DA welcomes Covid corruption debate, but the President can’t be shielded from tough questions

The DA welcomes the Speaker of the National Assembly Thandi Modise’s accedence to our request for an urgent debate in Parliament on corruption related to Covid-19 procurement. The act of stealing emergency relief funding through procurement corruption is a new low for the ruling ANC and its family members, and there are still far more questions than answers. The debate has to get to the bottom of this.

However, the wording of the Speaker’s letter of reply is concerning. It would seem that she has already decided which lines of questioning she will allow in the debate and which she won’t. In the opening paragraph she states the following: “I find no basis for your request that Parliament should summon the President to account on how he will deal with members of his party and son.” But she then goes on to say that allegations of Covid corruption are indeed serious and should be considered by the National Assembly.

This seems to indicate that President Ramaphosa could be shielded from answering questions relating to the involvement of, and consequences for, his own party members, and that his son’s contract to modify Gauteng taxis could be off-limits too. This would not be acceptable. It would make a mockery of the President’s strongly worded commitment to tackle the scourge of Covid corruption that has been revealed in recent weeks.

It would also make a mockery of the Speaker’s own words, when she recently assured South Africans that Parliament would “sharpen MP’s capacity” to hold the Executive to account and to “ask those unpleasant, sharp questions.” She was also quoted as saying, “A Member of Parliament is never wrong. No question is ever unimportant or wrong.
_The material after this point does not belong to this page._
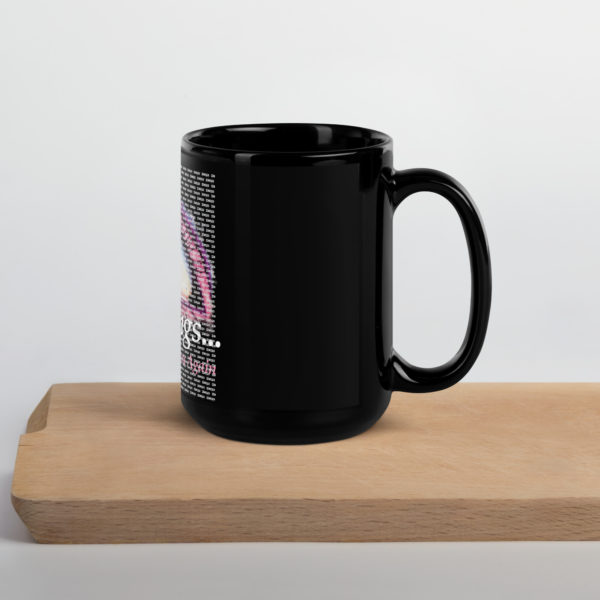 Seeing ThingsBlack Glossy Mug - Image 6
A Member of Parliament must put questions to us. It is our duty to back an MP.”

If that is indeed the case, I expect her to offer MPs the opportunity in this debate to ask precisely those sharp questions of the President, even if they concern the business dealings of his own family and the family members of his senior party members.

Public utterances of accountability and of zero tolerance for corruption cannot only be words. They have to translate into actions too. The president can’t talk tough on corruption on the TV, but then allow his party to reinstate and redeploy the corrupt within its own ranks, as we recently saw with the VBS-implicated officials in Limpopo, and now again with the swearing in of disgraced former eThekwini Mayor Zandile Gumede to the KZN legislature.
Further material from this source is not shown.